■ Action item: Give back exactly the lines of the material below, starting with the line with "Các liên kết bài mạnh đặc biệt" and going on through the line with "梦见自己的孩子死了，这背后究竟有什么样的原因呢".

■ Data records:
++++++++++++++++++++
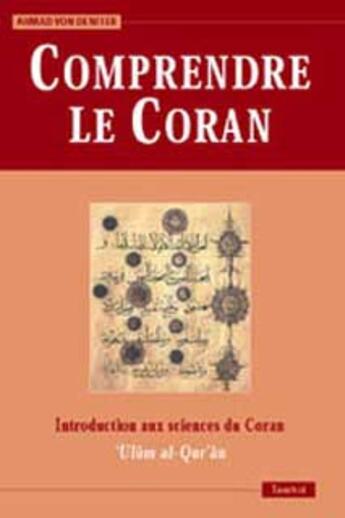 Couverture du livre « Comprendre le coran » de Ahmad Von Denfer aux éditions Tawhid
++++++++++++++++++++
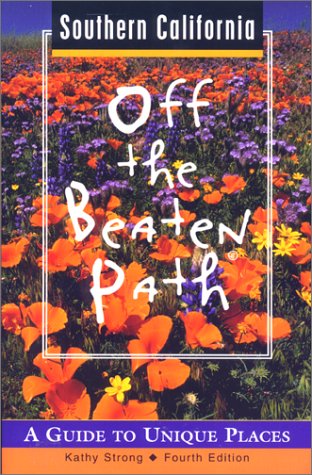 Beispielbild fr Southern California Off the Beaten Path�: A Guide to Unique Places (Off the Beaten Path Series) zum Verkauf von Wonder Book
++++++++++++++++++++
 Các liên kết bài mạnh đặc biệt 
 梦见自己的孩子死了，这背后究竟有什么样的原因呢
++++++++++++++++++++
■ Expected answer:
 Các liên kết bài mạnh đặc biệt 
 梦见自己的孩子死了，这背后究竟有什么样的原因呢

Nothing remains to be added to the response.